Thus, we're going to assume that all prices remain unchanged; they are as before. And then we will see if equilibrium still holds after the QE if we still have those original prices.

The previous regime we call the "_" regime. So, the previous state prices at time t were s_(t). The previous money supply in circulation was M_(t), and so on. And the previous price of a unit of money in C's was p_(t), all consistent with Wallace's notation.

So, if p_(t) is 4, then it takes 4 C's to buy one dollar. If all you have is 1 C, then you can only buy a quarter.

Now, we started in equilibrium in the "_" regime. This means, by the rules of this model, and almost all modern macroeconomic models, that all people were perfectly optimizing at the current, and forecasted, prices. All people had, with their perfect, super-human, foresight, knowledge, expertise, and calculating ability, figured out the 100% maximum utility consumption plan for now and the rest of their lives. And they we're going to follow it perfectly, with their perfect self-discipline; saving and investing exactly as necessary to accomplish it.
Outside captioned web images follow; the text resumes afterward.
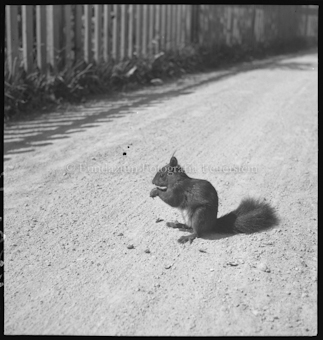 Eichhörnchen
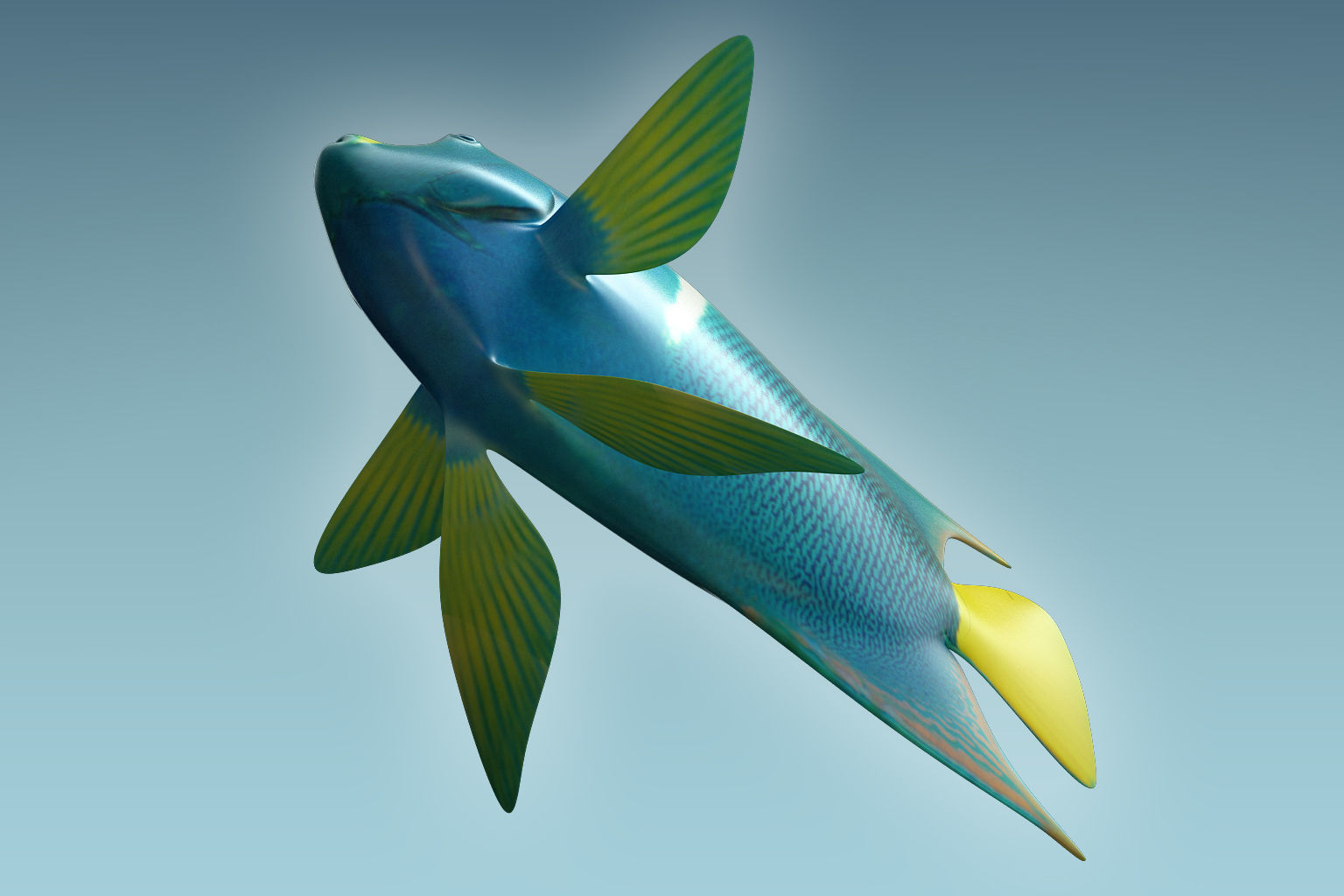 Anglefish 5 angelfish 3D model_4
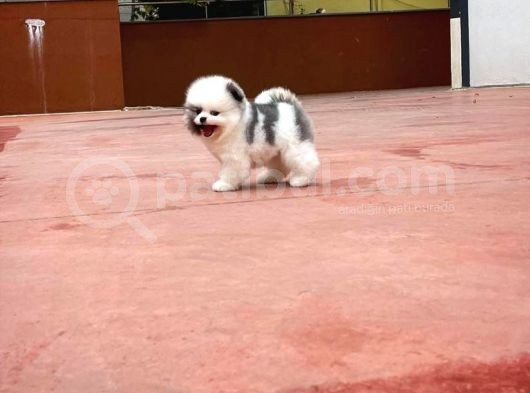 Ayı Surat Pomeranian Boo Yavrularımız görsel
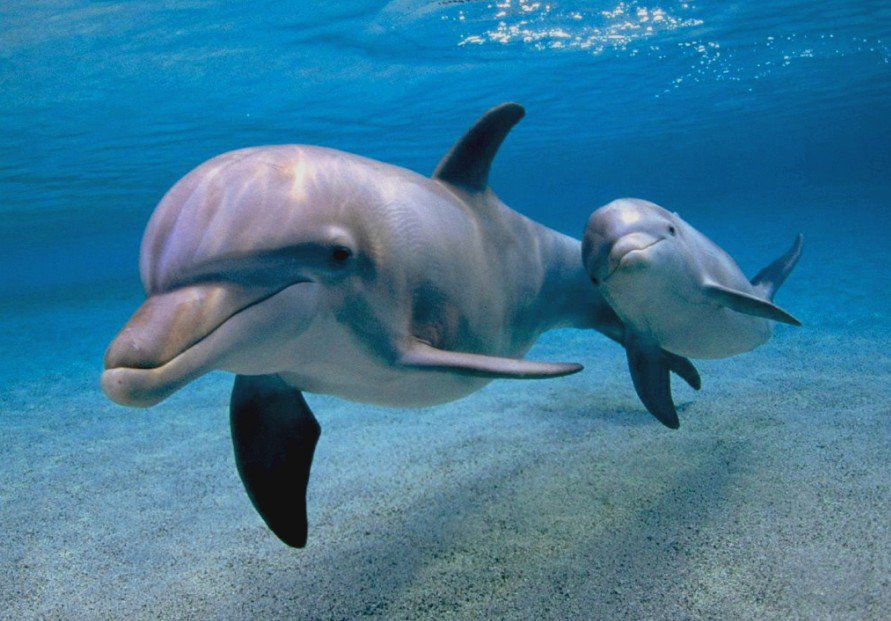 Мать и малыш - крапсота, море, волны, дельфины, любовь, пейзаж - оригинал
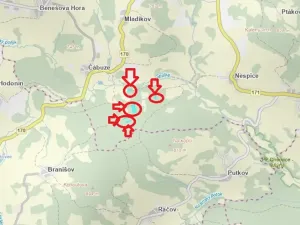 Prodej lesa, Vacov, 14711 m2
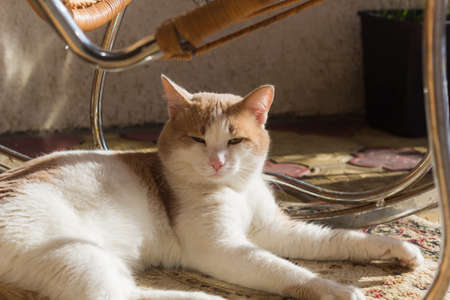 cute sleepy white and orange cat portraitの写真素材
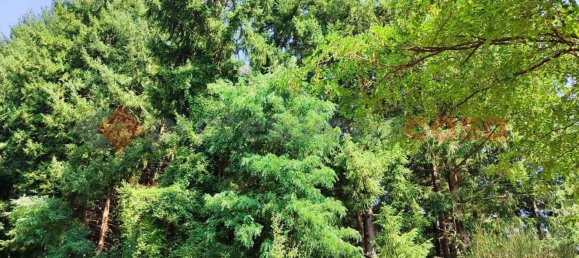 Studio in San Romano in Garfagnana, Italy No. 73445 34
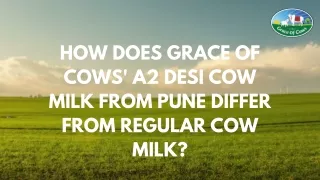 How Does Grace of Cows' A2 Desi Cow Milk from Pune Differ from Regular Cow Milk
And also, markets are assumed to be complete (which is actually crucial), and frictionless, in Wallace’s model.

So, any given person h, of generation t, had a consumption path over his two period life, ch(t), that perfectly optimized his utility, given his budget constraint, and given the ability to buy and sell anything perfectly and frictionlessly in the complete markets with state prices s_(t) .

So, as I started to say, before I was so rudely interrupted, by myself, suppose the government decides to do a QE where it creates and sells one more dollar.

Some person, we'll call him person z, decides to buy that dollar for p_(t) C's. And, the government decides to, in turn, promise to buy it back from him next period for the perfectly foreseen, at least given the state, market price of p_(t+1).

I'll later get to why we assume the government will promise to do this, and will honor its promise with 100% certainty.

Remember, in standard macroeconomic models today, including Wallace '81, everyone has perfect foresight about, basically everything, including the state-dependent future path of all prices. They don't know what state will occur, but they do know what any price will be perfectly given a state, or path of states, occurring.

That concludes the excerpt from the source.